Task brief -> Could you print the stretch of lines below from the one with "Customer photo review of NALUA - DARK BROWN" through the one with "2024 Audi Q7 Premium Plus 55", exactly as they stand and without any pictures?

Data for analysis ->
Start of Block
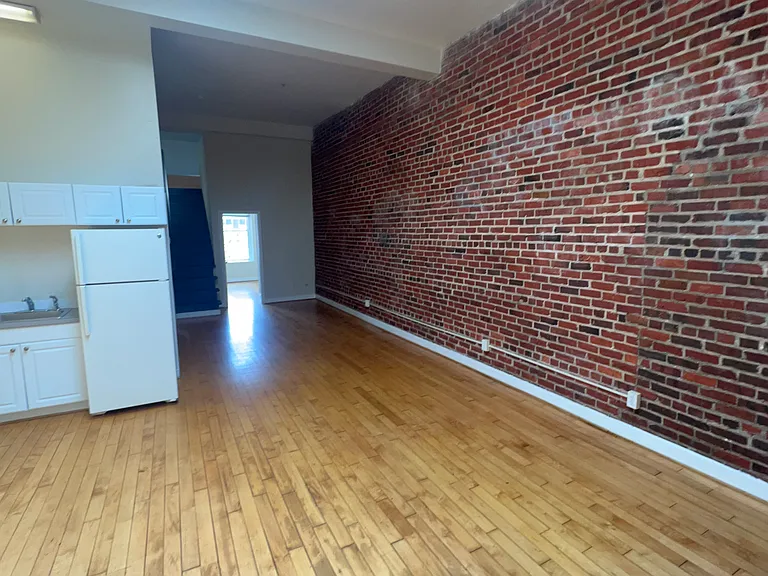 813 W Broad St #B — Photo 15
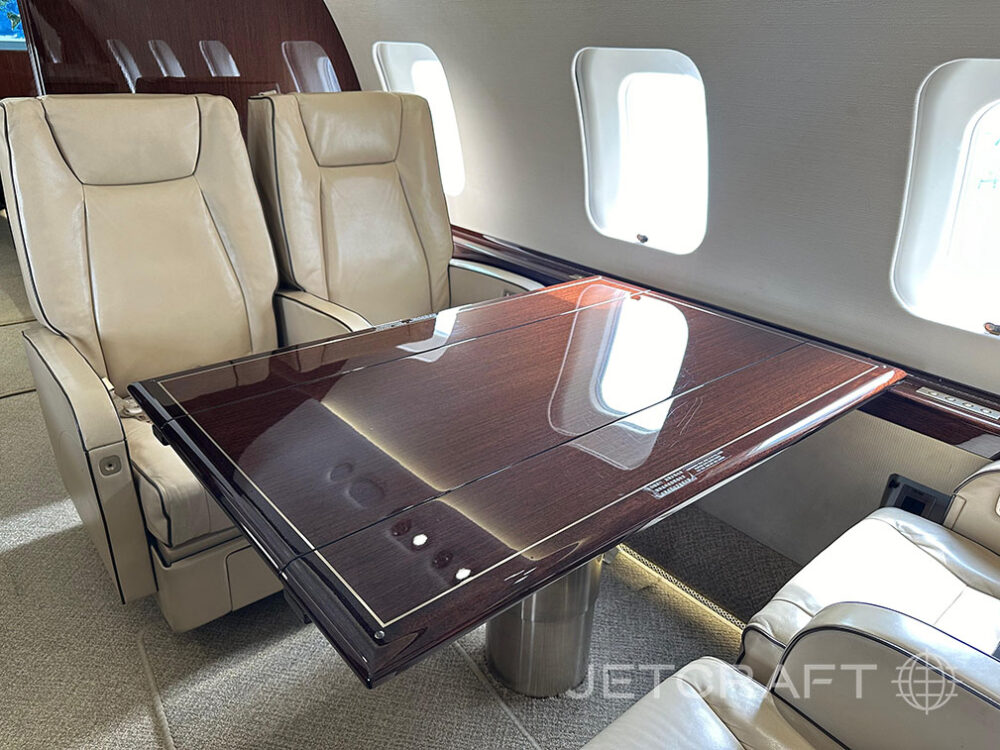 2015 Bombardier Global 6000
End of Block
Start of Block
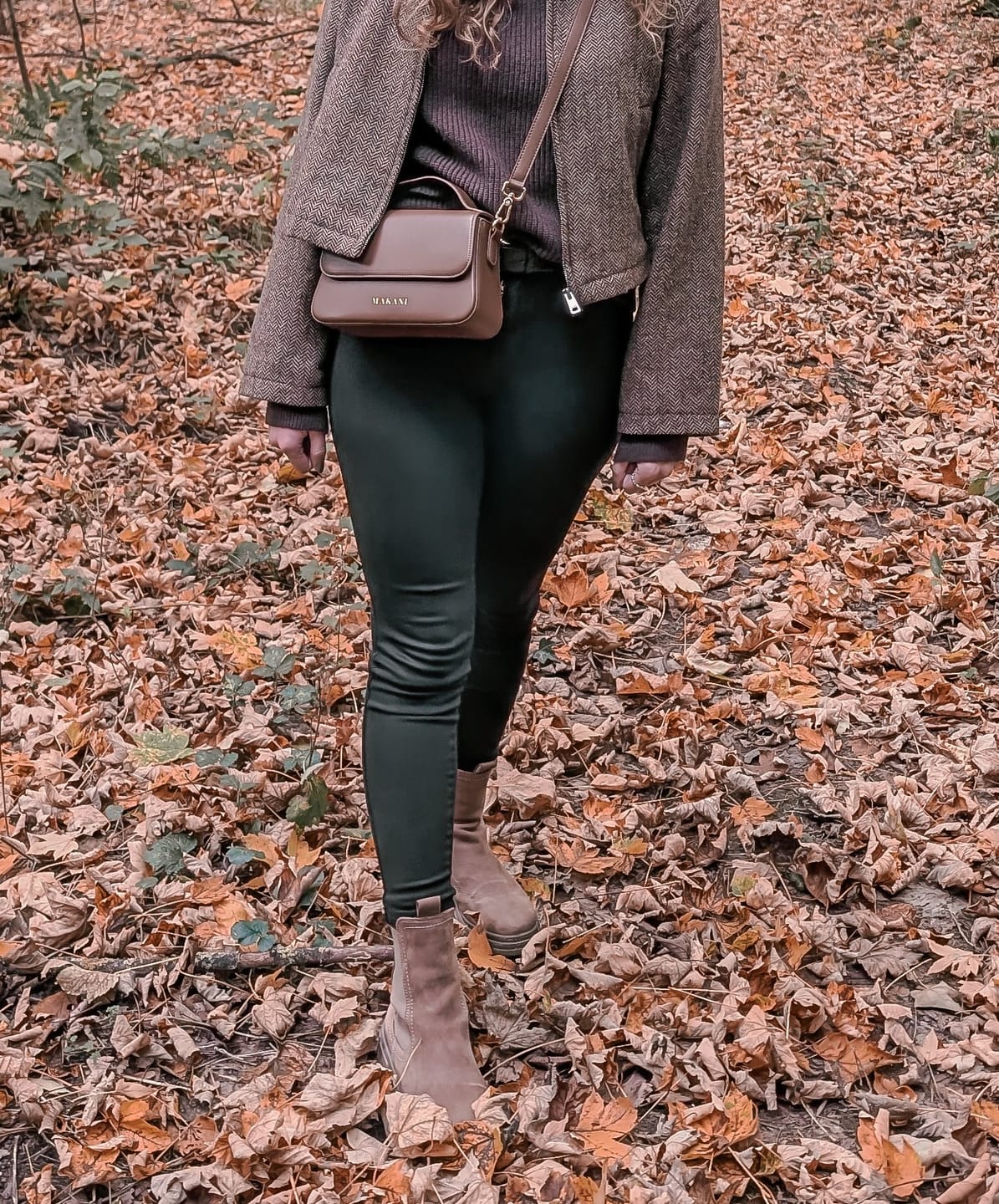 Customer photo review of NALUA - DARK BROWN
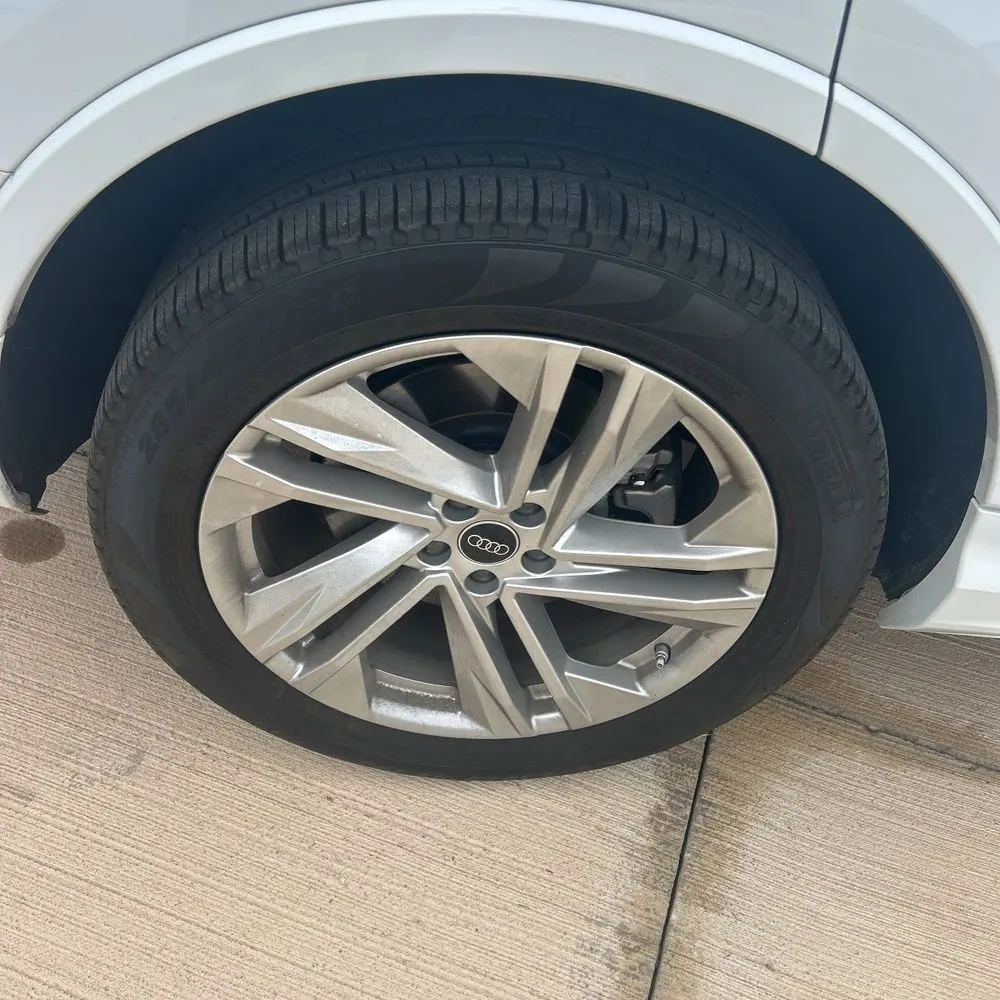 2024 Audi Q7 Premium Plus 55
End of Block
Task solution ->
 Customer photo review of NALUA - DARK BROWN
 2024 Audi Q7 Premium Plus 55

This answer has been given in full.